The Disability Rights Legal Center (DRLC) and co-counsel Milbank, Tweed, Hadley & McCloy, LLP filed suit in federal court, challenging the jail’s failure to provide special education services to Garcia and other qualified juvenile detainees.

In May 2010 the district court held that under §56041, the Los Angeles Unified School District (LAUSD) was responsible for providing special education services to Garcia and other LACJ juvenile detainees. LAUSD appealed and the Ninth Circuit issued a stay, asking the California Supreme Court to decide whether § 56041 applies “to children who are incarcerated in county jails.” See: LAUSD v. Garcia, 669 F.3d 956 (9th Cir. 2012).
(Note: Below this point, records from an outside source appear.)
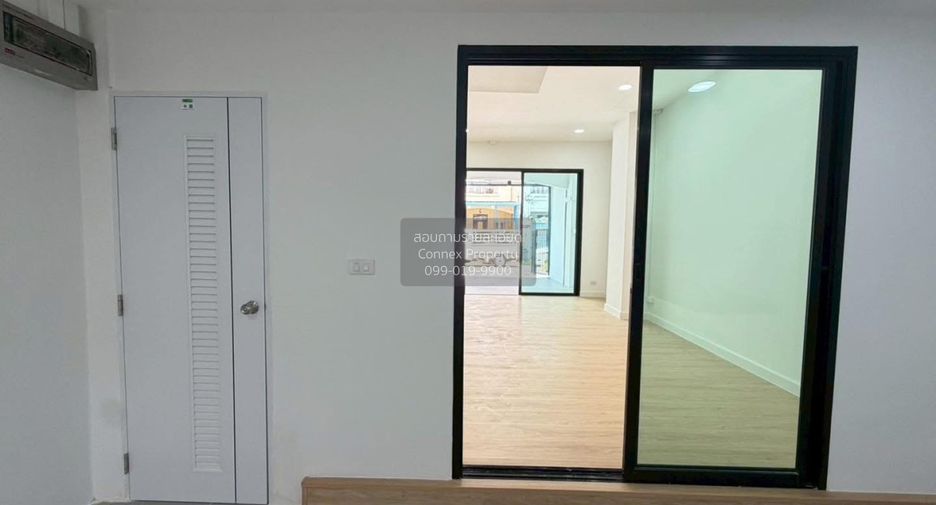 Casa adosada en venta de 4 habitaciones en Bang Kapi, Bangkok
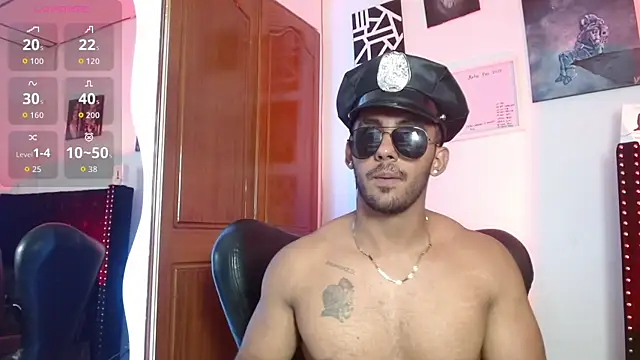 Snapshot of romanpearce_ chatting on 26, 4, 2026 romanpearce online show from 26, 4, 2026
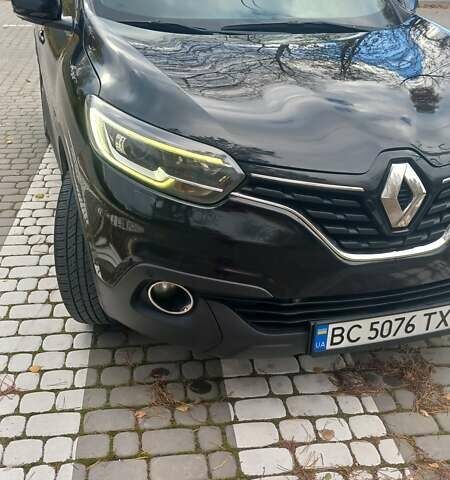 Черный Рено Kadjar, объемом двигателя 1.46 л и пробегом 255 тыс. км за 14450 $, фото 1 на Automoto.ua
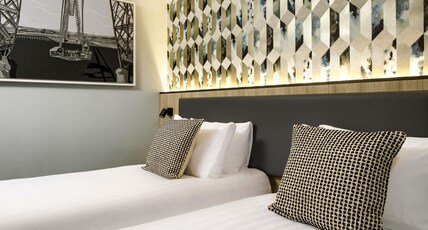 Mercure Newport Hotel Room Type - Classic room with view, 2 single beds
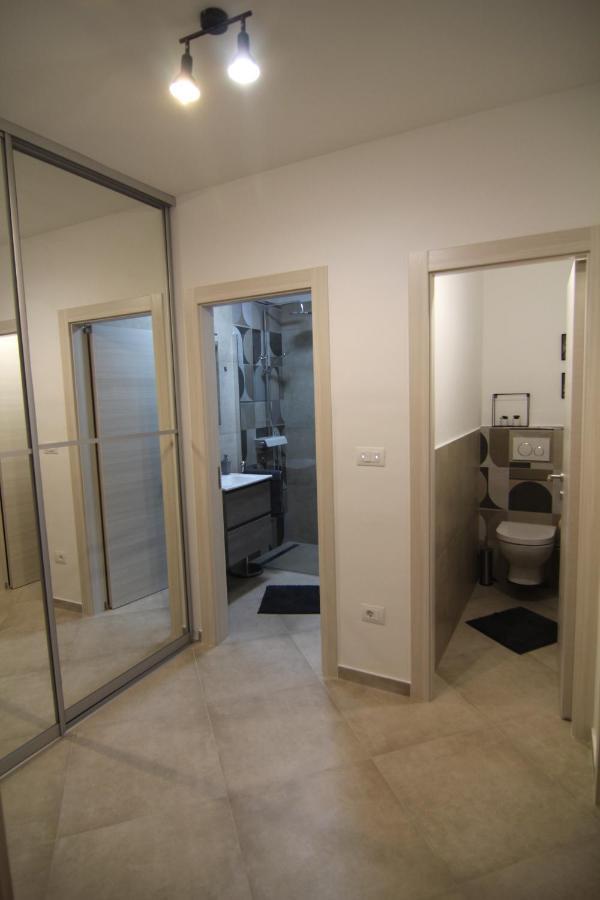 Appartamento Apartman Stella Veruda Pola Esterno foto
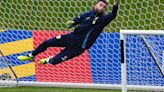 Goalkeeper Liam Kelly returns to Rangers after agreeing two-year deal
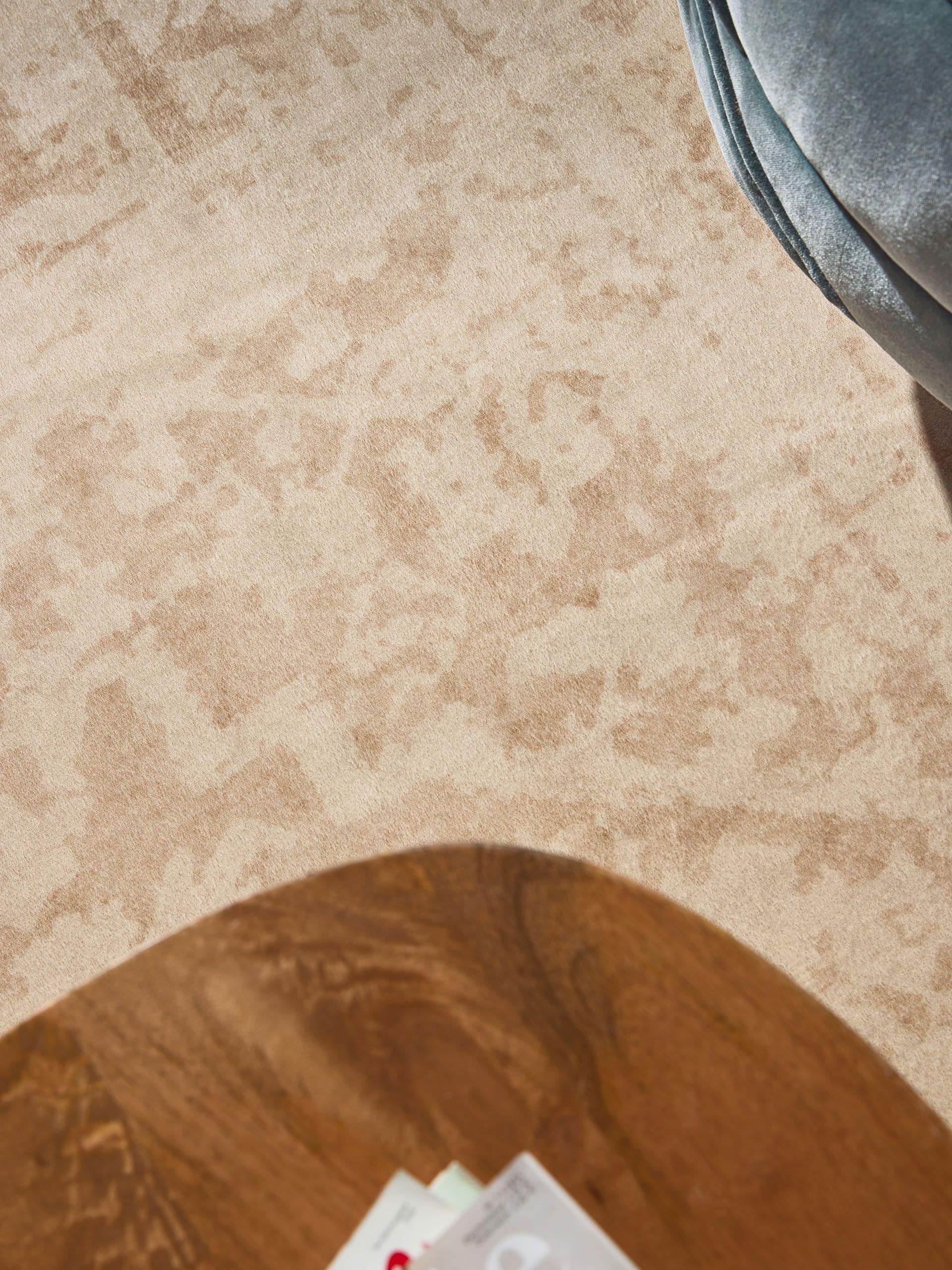 Alfombra de 100% Poliéster en Beige con un pelo de {{Placeholder_Pile Height}} de altura de benuta Nest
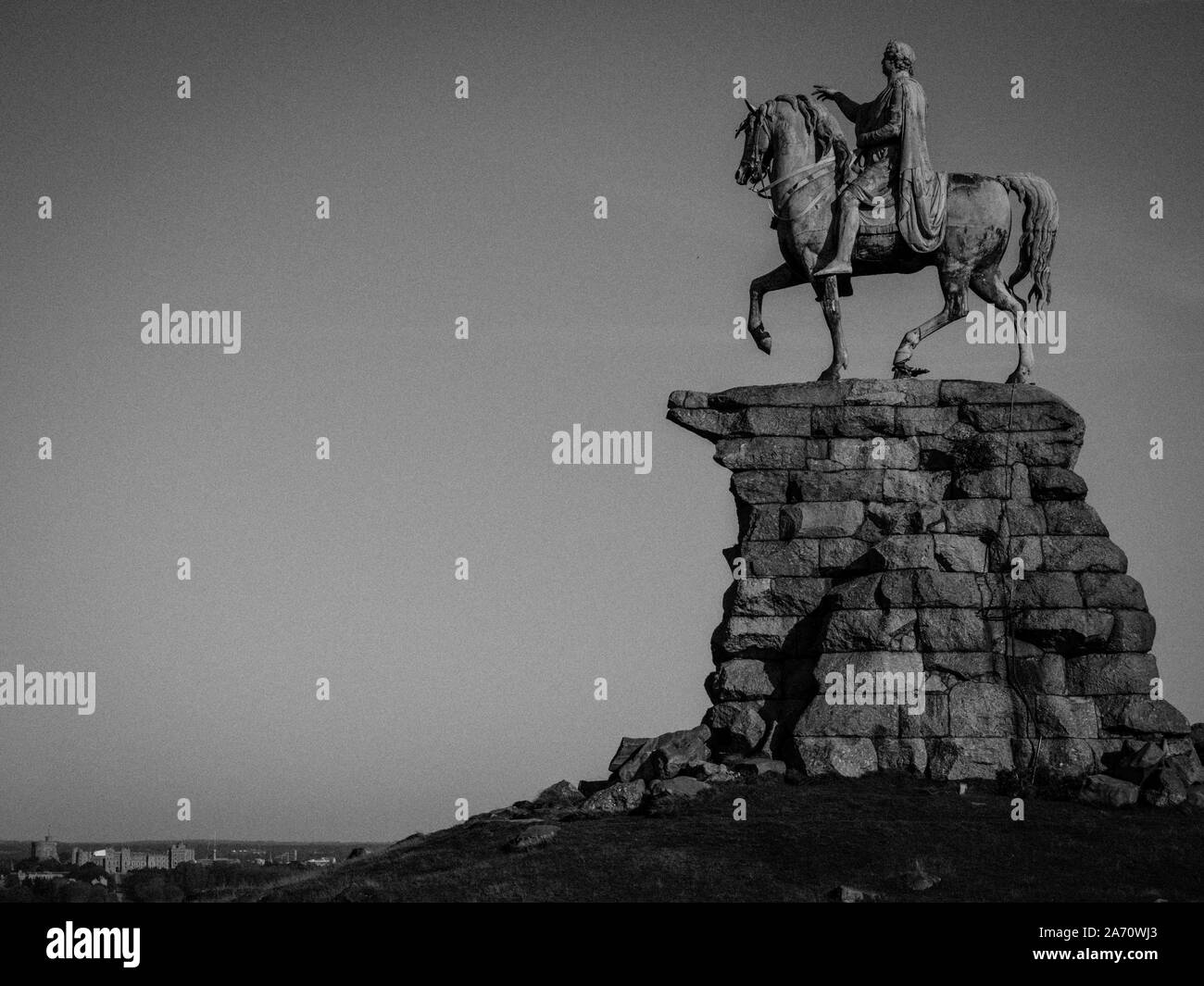 Paysage en noir et blanc, le Copper Horse Statue, Snow Hill, Windsor, Grand parc, Windsor, Berkshire, Angleterre, RU, FR. Banque D'Images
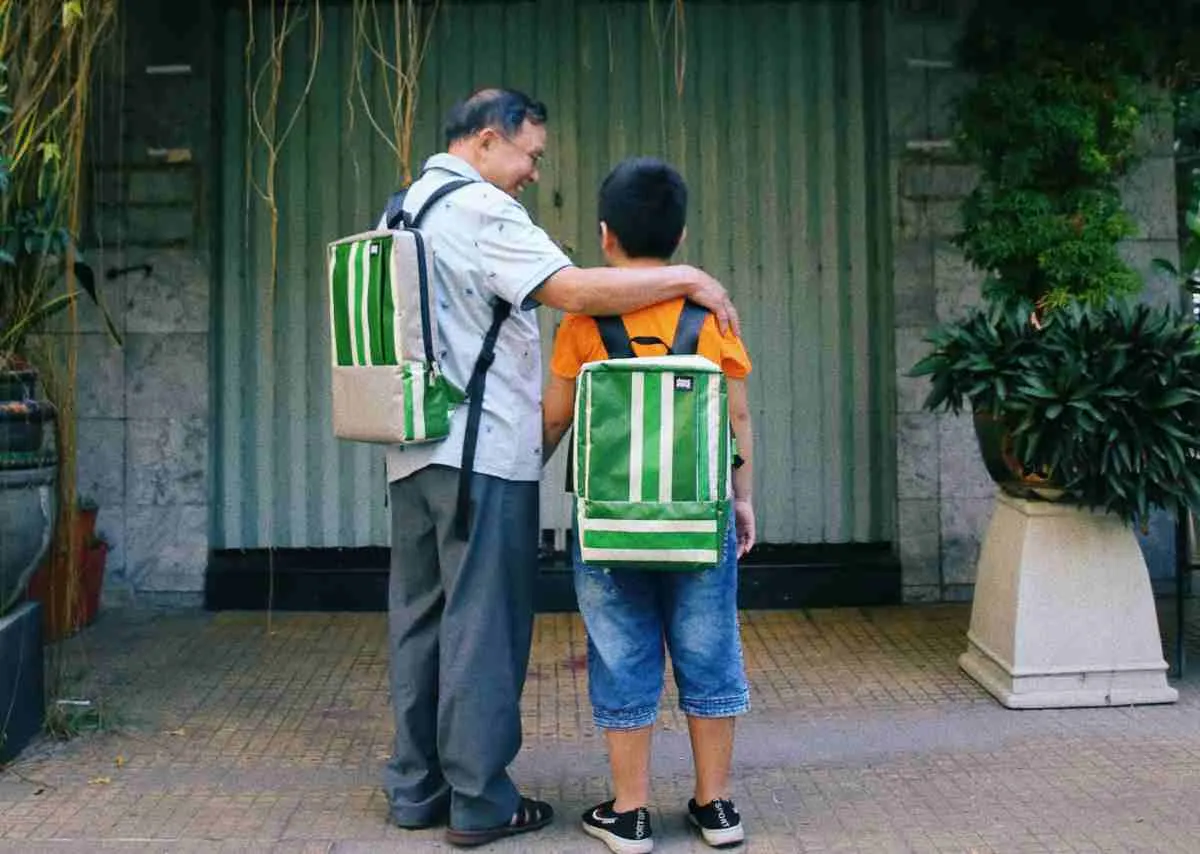 Từ vật liệu cũ đến giấc mơ xanh – Câu chuyện của người trẻ việt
The Supreme Court agreed to decide the issue. “Although section 56041 does not by its terms specifically address county jail inmates,” the Court concluded that “the statutory language is broad enough to encompass special education programs for eligible county jail inmates between the ages of 18 and 22 years.” See: LAUSD v. Garcia, 58 Cal.4th 175, 314 P.3d 767 (Cal. 2013).

“With this ruling by the California Supreme Court, we can proceed with the class action to develop a systemic resolution that will ensure that all eligible students in LA County Jails are provided the special education and related services to which they are entitled under state and federal law,” said Milbank special counsel Delilah Vinzon.

“Michael is just one of many students with disabilities in a custodial setting who needs special education services – these services help Michael, and others like him, be successful in life and obtain gainful employment upon release,” added DRLC attorney Anna Rivera. “It’s through education that we break the cycle of recidivism.”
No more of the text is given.